Planet Earth/5a. H2O: A Miraculous Gas, Liquid and Solid on Earth.
Water on EarthEdit
Water (H2O) is the most abundant substance on Earth’s surface and one of the most abundant molecules in the universe. Liquid water covers 71% of the Earth’s surface leading to the striking blue color of Earth when viewed from space. As the only dark blue planet in the solar system, Earth is unique in its idyllic location from the sun to facilitate all three phases of H2O, as liquid water in the oceans, water vapor in the clouds, and ice in Earth’s glaciers and snow. One of the most amazing features of planet Earth is that throughout its long history all three phases of H2O were present.
On the ice-covered moon of Jupiter, Europa, water remains locked beneath a frozen sea of ice in the extreme permeant cold temperatures well below -150 degrees Celsius, while Mars with an average temperature of -60 degrees Celsius, water exists only as frozen ice, principally at its northern pole.

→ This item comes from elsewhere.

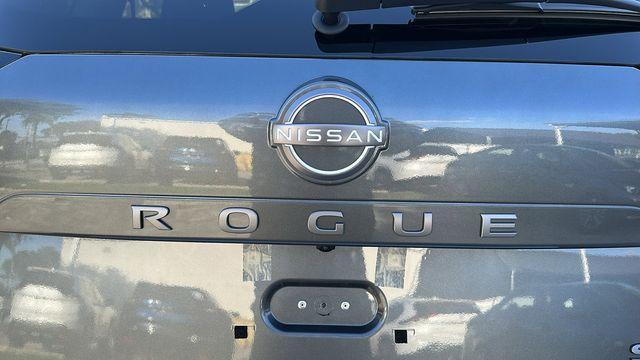 new 2024 Nissan Rogue car, priced at $33,079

Evidence for the early presence of liquid water on Mars has been discovered through the Curiosity Mars rover, the Mars Reconnaissance Orbiter and other missions to the planet, indicating that Mars may have been warmer in its early history several billion years ago.
Venus, a planet slightly closer to the sun than Earth, has an average temperature of 462 degrees Celsius, much hotter than the boiling point of water, and all the water on Venus is found as gas in the form of water vapor in the thick hot atmosphere above its surface. Even Earth’s own moon lacks significant liquid and gas phases of water, despite a daily range from -173 degrees Celsius at night to 127 degrees Celsius during the day, the extreme daily dehydration and rehydration of the trace water in the rocks and dust on the moon have led to nearly permanent frozen ice to accumulate near the cold poles and in icy shadows from the sun’s daily heat.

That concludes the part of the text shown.